Could you restate the data word for word and drop the pictures?

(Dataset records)
--*--
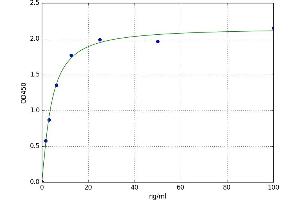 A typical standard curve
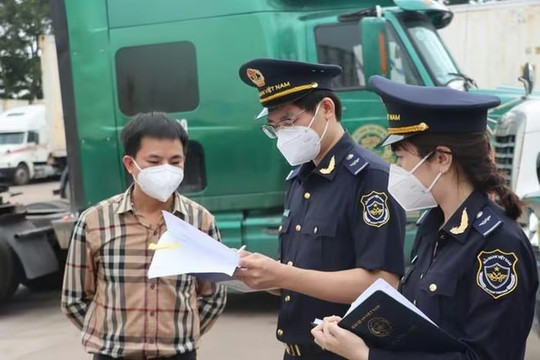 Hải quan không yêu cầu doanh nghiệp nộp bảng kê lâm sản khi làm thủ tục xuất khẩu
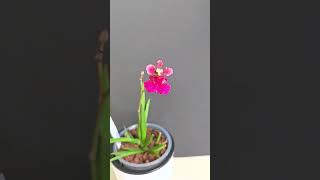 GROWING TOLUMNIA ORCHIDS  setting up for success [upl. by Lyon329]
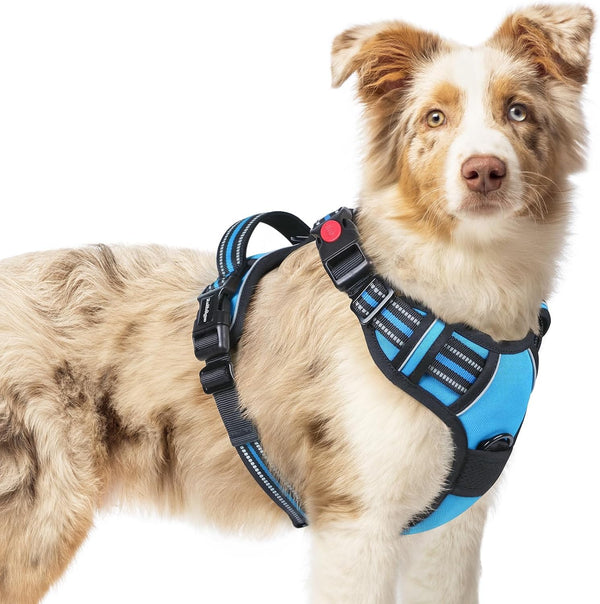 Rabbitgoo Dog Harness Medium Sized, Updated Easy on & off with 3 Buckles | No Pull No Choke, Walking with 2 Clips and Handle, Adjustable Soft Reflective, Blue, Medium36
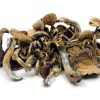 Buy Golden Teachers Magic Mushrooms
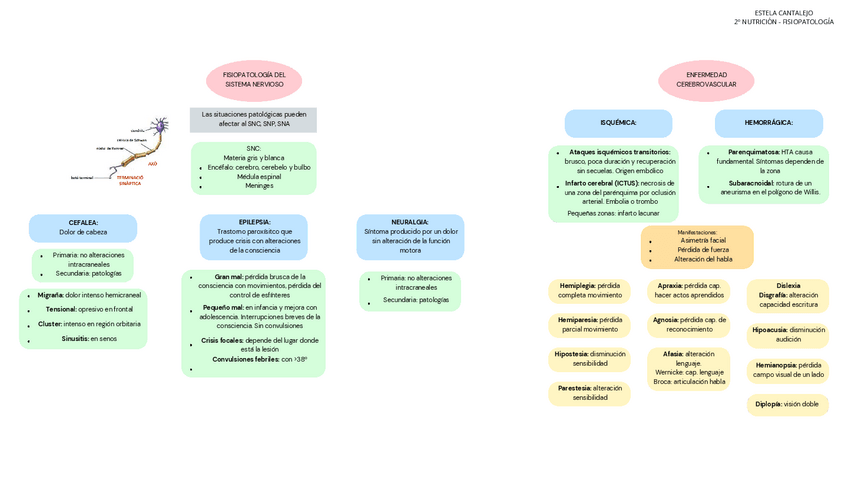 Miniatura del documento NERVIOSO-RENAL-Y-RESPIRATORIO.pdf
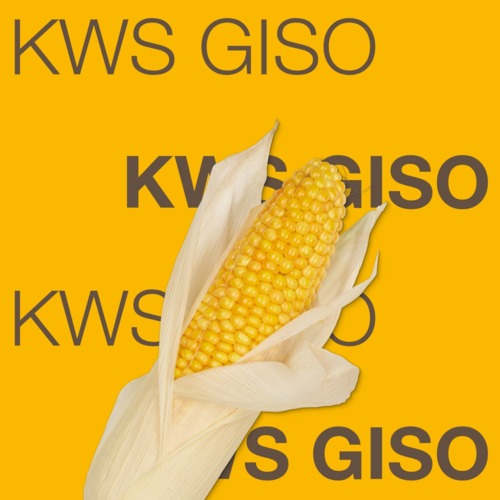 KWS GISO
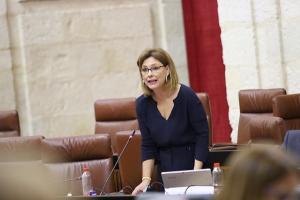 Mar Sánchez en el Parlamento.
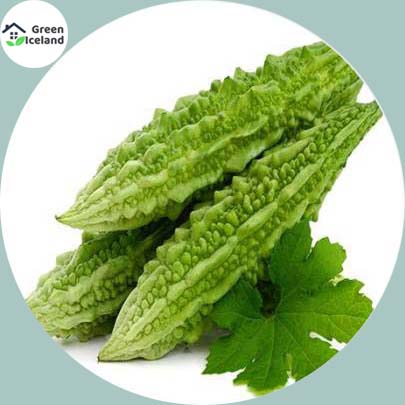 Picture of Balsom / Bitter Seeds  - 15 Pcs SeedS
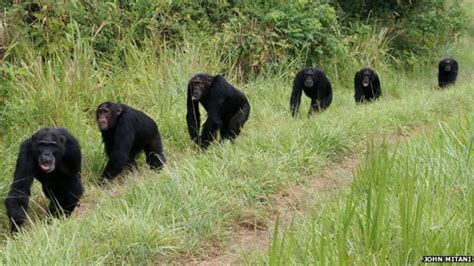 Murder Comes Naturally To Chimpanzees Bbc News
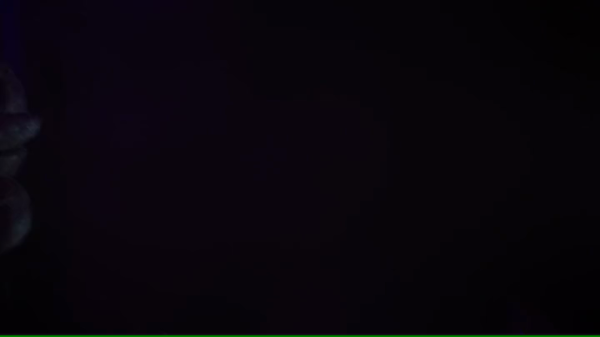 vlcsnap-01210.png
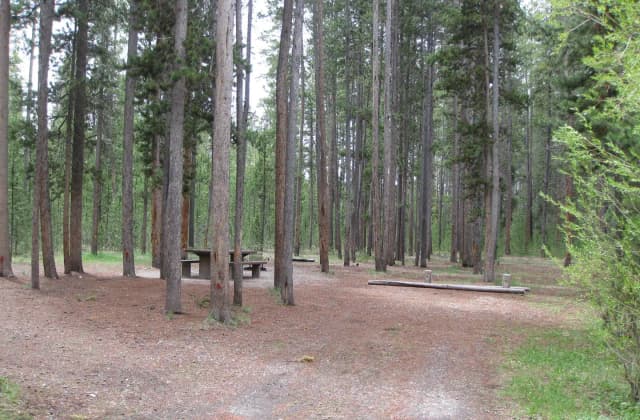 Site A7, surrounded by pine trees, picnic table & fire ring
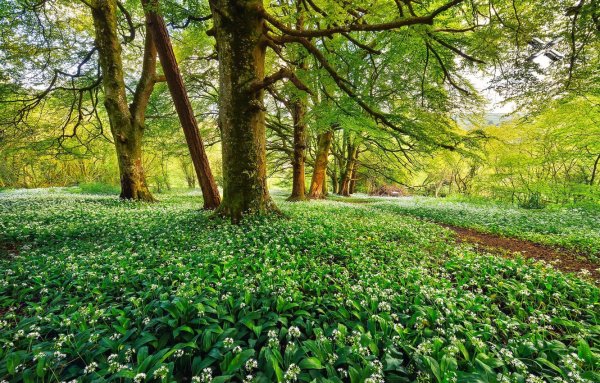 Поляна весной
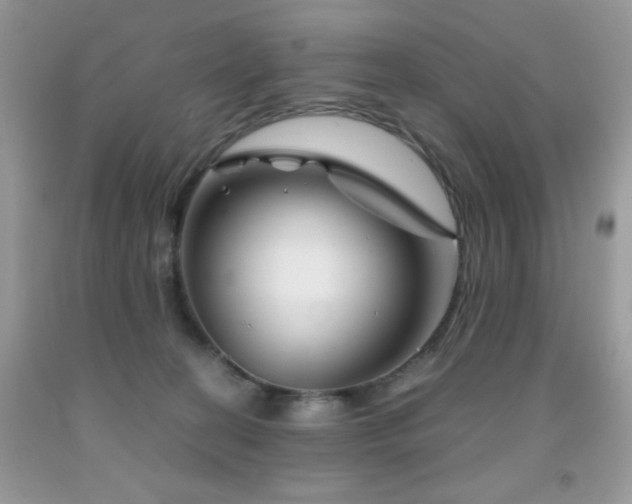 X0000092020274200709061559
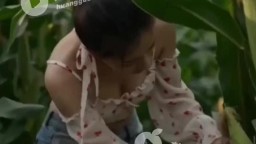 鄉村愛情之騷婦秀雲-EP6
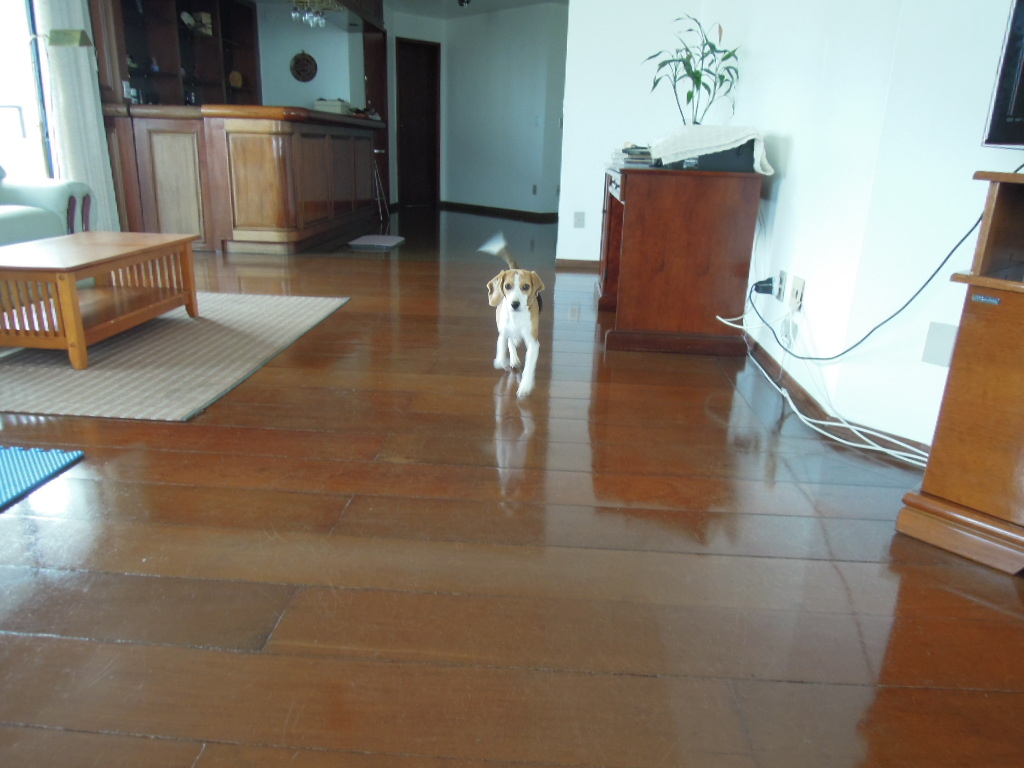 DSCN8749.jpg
--*--
Written answer:
 A typical standard curve
 Hải quan không yêu cầu doanh nghiệp nộp bảng kê lâm sản khi làm thủ tục xuất khẩu
 GROWING TOLUMNIA ORCHIDS  setting up for success [upl. by Lyon329]
 Rabbitgoo Dog Harness Medium Sized, Updated Easy on & off with 3 Buckles | No Pull No Choke, Walking with 2 Clips and Handle, Adjustable Soft Reflective, Blue, Medium36
 Buy Golden Teachers Magic Mushrooms
 Miniatura del documento NERVIOSO-RENAL-Y-RESPIRATORIO.pdf
 KWS GISO
 Mar Sánchez en el Parlamento.
 Picture of Balsom / Bitter Seeds  - 15 Pcs SeedS
 Murder Comes Naturally To Chimpanzees Bbc News
 vlcsnap-01210.png
 Site A7, surrounded by pine trees, picnic table & fire ring
 Поляна весной
 X0000092020274200709061559
 鄉村愛情之騷婦秀雲-EP6
 DSCN8749.jpg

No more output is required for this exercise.